Apparently, though, at some point in their path from idea to end result, these two already spectacularly popular products fell on such hard times that they needed to be paired up with Mircosoft's sucky content delivery system, a tiresome hunk of garbage that allows the game player to buy crap to expand the game. Without getting too deep into the mechanics of it all, it's a bit like putting a garage-door opener in your bathroom to put the toilet seat up for you.

What makes me so angry about this? Well, I'd love to play the add-on for Fallout 3, but it's only available via Microsoft's customer annoyance system. And GTA 4? It's so fantastically buggy I think I am going to uninstall it. The last four times I have played it (out of about seven times, total) I have spent around 30 minutes starting the game, killing it in task manager, restarting the game, restarting the PC, just to try to get the game to start. And 30 minutes is no exaggeration at all.

There have been frustrating aspects of Microsoft products for years now, but in most cases it was manageable suffering we endured. When MS takes an already flourishing game franchise and so thoroughly mangles it like this, well, it's really very sad.

Wednesday, April 15, 2009

Latest Idea

So, my latest thing to consider has been a model of a person where the thinking part of the person is a rider on a horse, and the animal part of a person is the horse.

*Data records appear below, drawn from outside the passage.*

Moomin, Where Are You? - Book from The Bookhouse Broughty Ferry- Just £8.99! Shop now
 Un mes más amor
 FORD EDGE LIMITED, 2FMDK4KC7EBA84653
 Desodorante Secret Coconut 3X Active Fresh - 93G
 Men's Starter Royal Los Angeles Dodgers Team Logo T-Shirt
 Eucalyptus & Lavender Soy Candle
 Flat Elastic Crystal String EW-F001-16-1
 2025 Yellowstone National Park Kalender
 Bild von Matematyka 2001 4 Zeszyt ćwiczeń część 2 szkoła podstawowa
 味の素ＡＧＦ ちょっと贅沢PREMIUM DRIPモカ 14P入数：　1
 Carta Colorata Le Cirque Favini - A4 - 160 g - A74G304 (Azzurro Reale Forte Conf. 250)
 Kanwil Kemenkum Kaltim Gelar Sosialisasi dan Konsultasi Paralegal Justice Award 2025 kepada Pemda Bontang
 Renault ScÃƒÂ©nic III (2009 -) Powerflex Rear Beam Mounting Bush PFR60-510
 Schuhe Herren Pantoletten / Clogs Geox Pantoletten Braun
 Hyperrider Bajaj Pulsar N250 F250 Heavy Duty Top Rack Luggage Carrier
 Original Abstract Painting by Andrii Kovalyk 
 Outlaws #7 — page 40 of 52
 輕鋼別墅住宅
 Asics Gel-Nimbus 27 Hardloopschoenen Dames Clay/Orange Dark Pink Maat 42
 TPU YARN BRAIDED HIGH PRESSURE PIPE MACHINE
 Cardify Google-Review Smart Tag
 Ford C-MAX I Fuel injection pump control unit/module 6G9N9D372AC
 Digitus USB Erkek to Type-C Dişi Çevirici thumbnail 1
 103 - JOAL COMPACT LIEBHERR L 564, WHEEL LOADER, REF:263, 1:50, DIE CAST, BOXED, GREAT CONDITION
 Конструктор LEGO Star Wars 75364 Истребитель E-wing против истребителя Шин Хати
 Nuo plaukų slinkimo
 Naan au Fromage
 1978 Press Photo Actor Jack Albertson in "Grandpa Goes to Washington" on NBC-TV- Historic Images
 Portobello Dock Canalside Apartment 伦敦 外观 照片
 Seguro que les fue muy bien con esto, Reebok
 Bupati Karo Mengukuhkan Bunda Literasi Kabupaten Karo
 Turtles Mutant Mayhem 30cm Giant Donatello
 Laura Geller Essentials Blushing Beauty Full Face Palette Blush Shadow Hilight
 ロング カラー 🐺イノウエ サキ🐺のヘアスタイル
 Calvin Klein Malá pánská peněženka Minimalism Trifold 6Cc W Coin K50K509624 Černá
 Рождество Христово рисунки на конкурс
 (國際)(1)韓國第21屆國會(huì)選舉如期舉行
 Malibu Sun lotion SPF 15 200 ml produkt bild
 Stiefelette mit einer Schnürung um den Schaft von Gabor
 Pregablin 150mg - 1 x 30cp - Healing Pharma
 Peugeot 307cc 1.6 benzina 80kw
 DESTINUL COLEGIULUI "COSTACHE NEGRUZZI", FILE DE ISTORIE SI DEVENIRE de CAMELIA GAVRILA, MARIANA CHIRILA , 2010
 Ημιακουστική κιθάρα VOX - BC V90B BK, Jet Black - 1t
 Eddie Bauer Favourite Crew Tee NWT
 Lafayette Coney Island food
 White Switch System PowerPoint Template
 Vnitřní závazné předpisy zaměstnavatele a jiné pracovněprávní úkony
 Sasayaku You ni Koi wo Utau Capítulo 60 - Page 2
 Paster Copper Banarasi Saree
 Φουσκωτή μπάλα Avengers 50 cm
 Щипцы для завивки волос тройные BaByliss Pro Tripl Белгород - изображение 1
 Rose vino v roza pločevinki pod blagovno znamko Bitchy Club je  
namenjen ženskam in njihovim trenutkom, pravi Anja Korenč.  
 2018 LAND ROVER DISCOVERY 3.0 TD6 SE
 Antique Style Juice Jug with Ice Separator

It is certainly true that the line between thought and instinct is a very difficult one to draw, but this idea doesn't need to be so very precise in order to be useful.

I like to think of the model as a motivational tool.

For example, I love donuts. The thinking part of me knows I shouldn't eat so many, and the animal part of me is stubbornly intent on eating as many donuts as possible. This becomes a great motivational tool when you pit your thinking brain against that dumb animal inside of you- who's better here? Thinking me or dumb me?

Well, the unfortunate truth is the rider is at the mercy of the dumb animal most of the time in most situations, but that's no fun to think about.

Another interesting aspect of this is to consider those around you... are they riding their horses, or being dragged along by them, or are they just horses riding horses?

Wednesday, April 08, 2009

Ghosting Issues

So, I have been tinkering with my system recently, and I didn't come up with much in the way of related info on this out there in the intarwebs, so, here's the deal.

I have an ASUS M2N-SLI mobo and all-SATA drives. I was adding a hot-swap drive bay in the front so I could easily swap out the main drive. I added it, ghosted the OS drive (entire drive), and then shut down, swapped in a new blank drive, and ghosted the image onto it.

All was peachy at this point.

Then I rebooted.


The system was locking up almost immediately at the post screen. No drive detection, no nothing. Well, after pulling almost everything internally, and then putting it all back, I realized one thing I hadn't tried: The usb hub.


The usb hub will now lock up the boot sequence if it is plugged in- or if you plug it in while it is booting- all the way up until the point the login box for winxp shows up.

I may have reset relevant BIOS settings in the what-did-I-break adventure, but I did disable the 'boot from usb'- so that's not it. Anyway, it's locking at the initial post screen, so, I doubt it's related.

I suppose I could poke through the devices on the hub, too... nah.

Today I will get a new hub and see if this continues. Hope not.